____ Materials provided

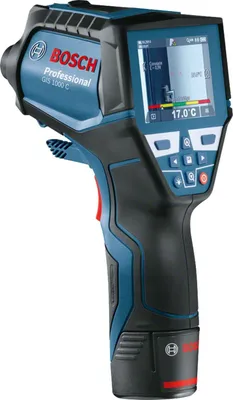 Produktbild von Bosch GIS 1000 C Professional Thermodetektor mit Bluetooth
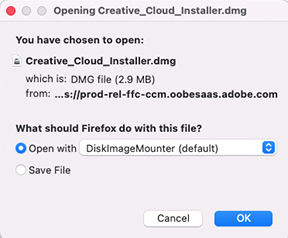 Adobe creative cloud installer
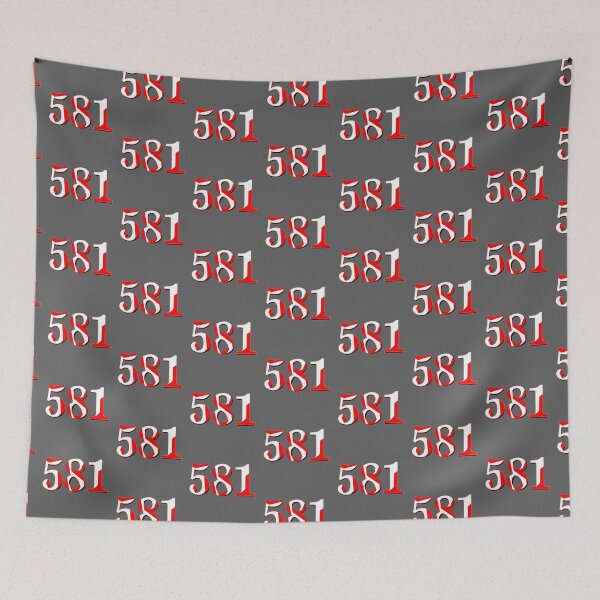 Item preview, number five hundred and eighty-one digit 581 order sequence team member age designed and sold by 4rpixs.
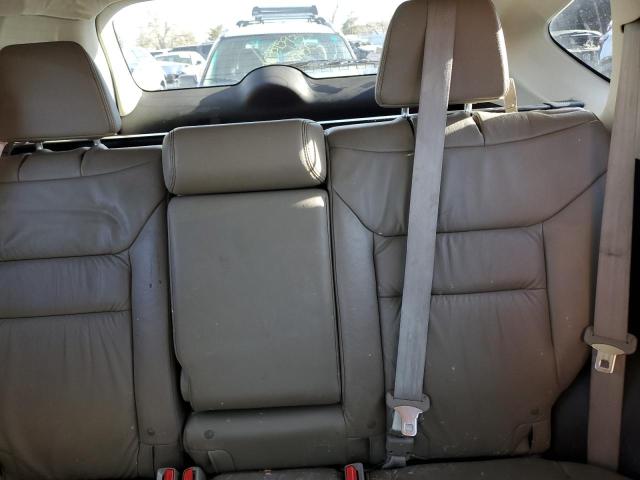 Photo 10 from auction – 2012 HONDA CR-V EXL with VIN 5J6RM4H73CL028506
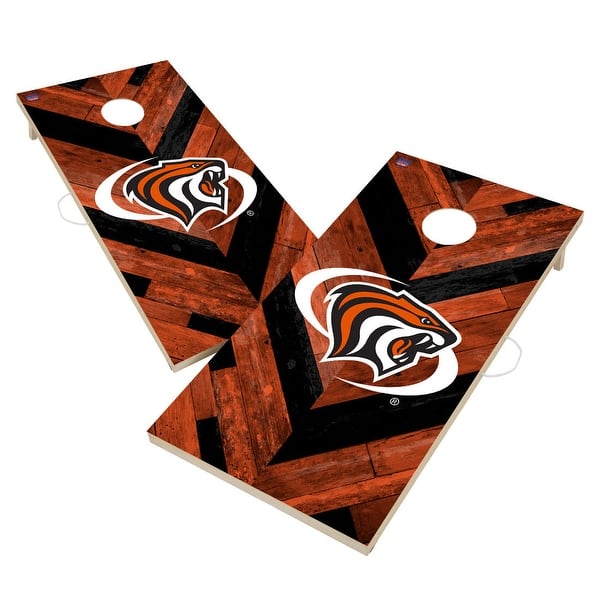 slide 2 of 6, Pacific Tigers Cornhole Board Set 16 Years and Up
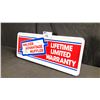 Image 2 : WALKER EXHAUST ILLUMINATED 30" X 12" NEW OLDSTOCK SIGN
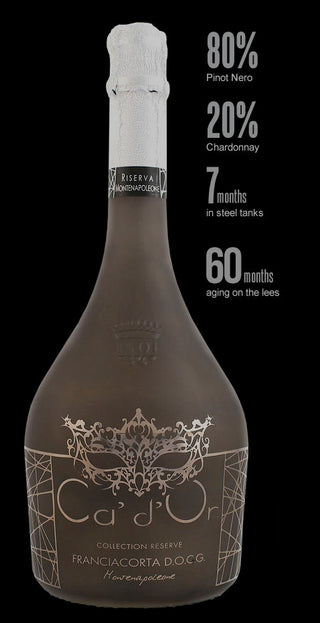 Franciacorta D.O.C.G. Riserva Collection "MONTENAPOLEONE"  - Ca d'Or Winery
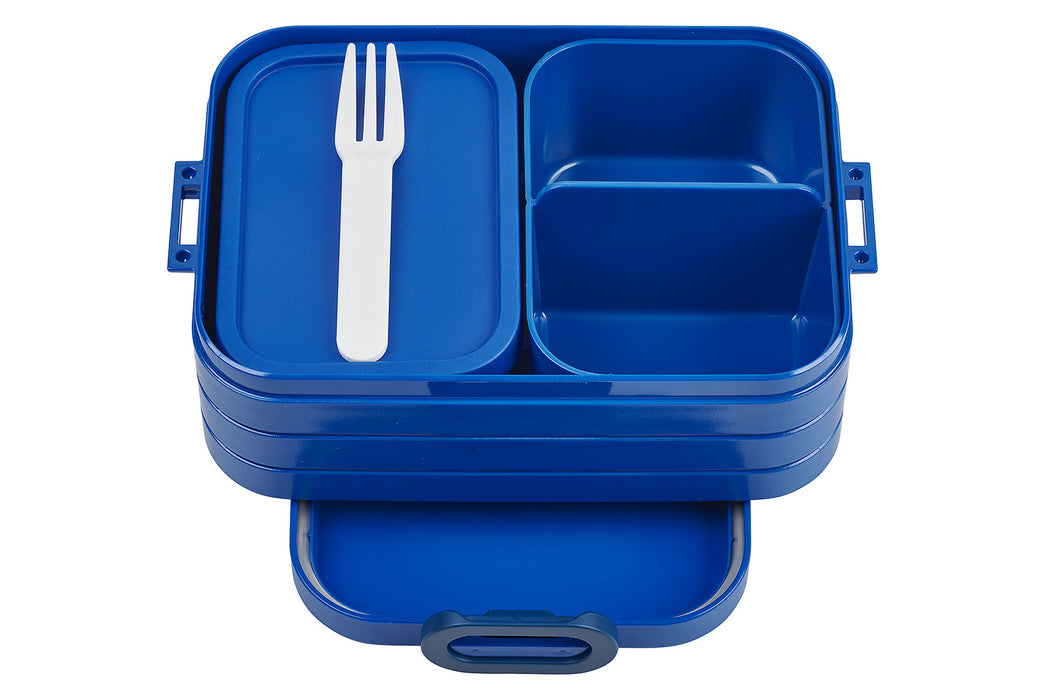 Mepal Take a Break bento midi lunchbox vivid blue 107632110100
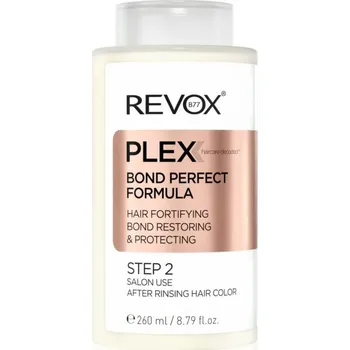 Vlasová regenerace Revox B77 PLEX Bond Perfect Formula. Step 2 posilující péče po chemickém ošetření vlasů 260 ml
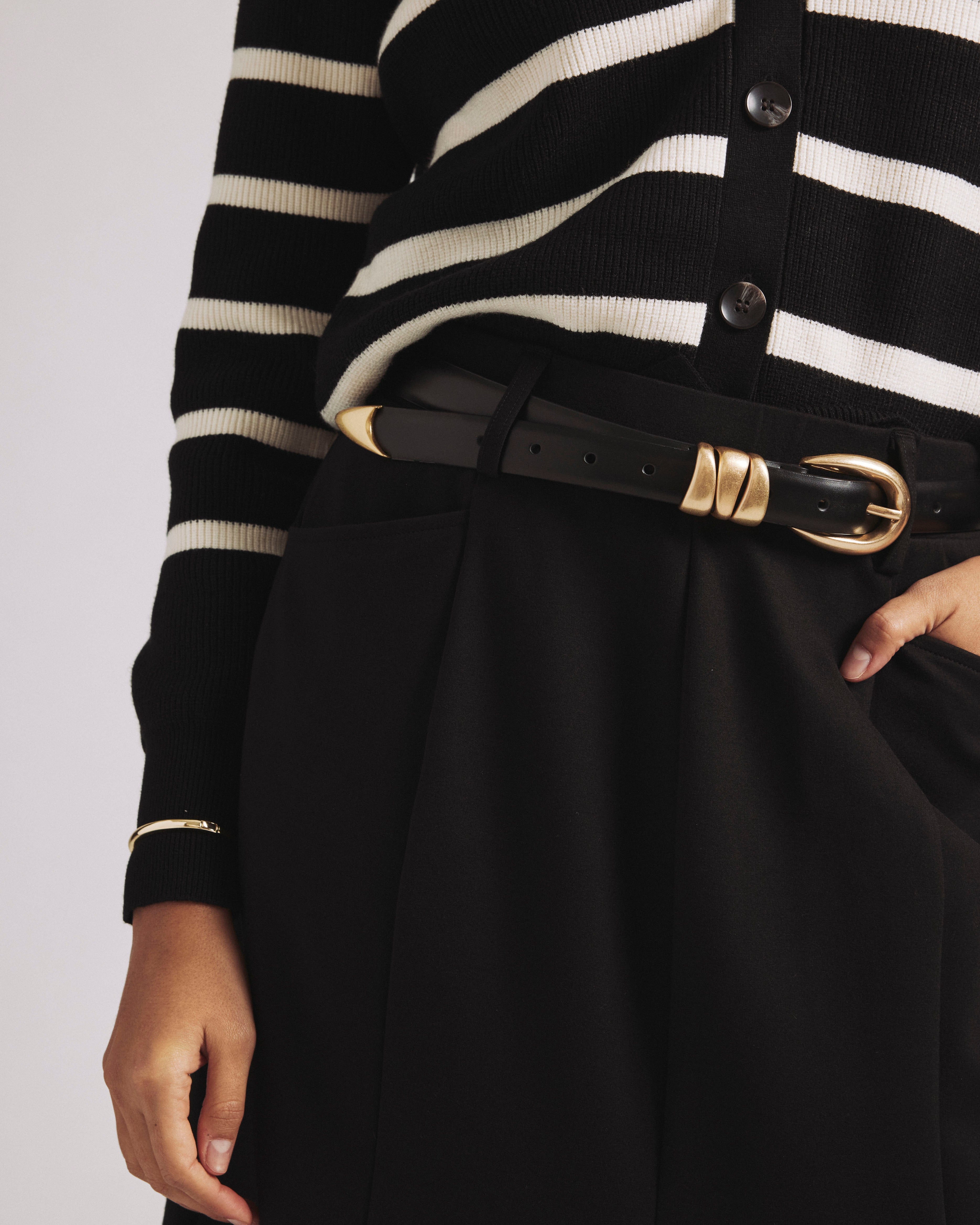 Carla Ponte Skirt - Black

________

# What needs to be done
Print, with pictures removed, exactly the lines of the records above from the top through the line containing "Vlasová regenerace Revox".

# Reply
 Produktbild von Bosch GIS 1000 C Professional Thermodetektor mit Bluetooth
 Adobe creative cloud installer
 Item preview, number five hundred and eighty-one digit 581 order sequence team member age designed and sold by 4rpixs.
 Photo 10 from auction – 2012 HONDA CR-V EXL with VIN 5J6RM4H73CL028506
 slide 2 of 6, Pacific Tigers Cornhole Board Set 16 Years and Up
 Image 2 : WALKER EXHAUST ILLUMINATED 30" X 12" NEW OLDSTOCK SIGN
 Franciacorta D.O.C.G. Riserva Collection "MONTENAPOLEONE"  - Ca d'Or Winery
 Mepal Take a Break bento midi lunchbox vivid blue 107632110100
 Vlasová regenerace Revox B77 PLEX Bond Perfect Formula. Step 2 posilující péče po chemickém ošetření vlasů 260 ml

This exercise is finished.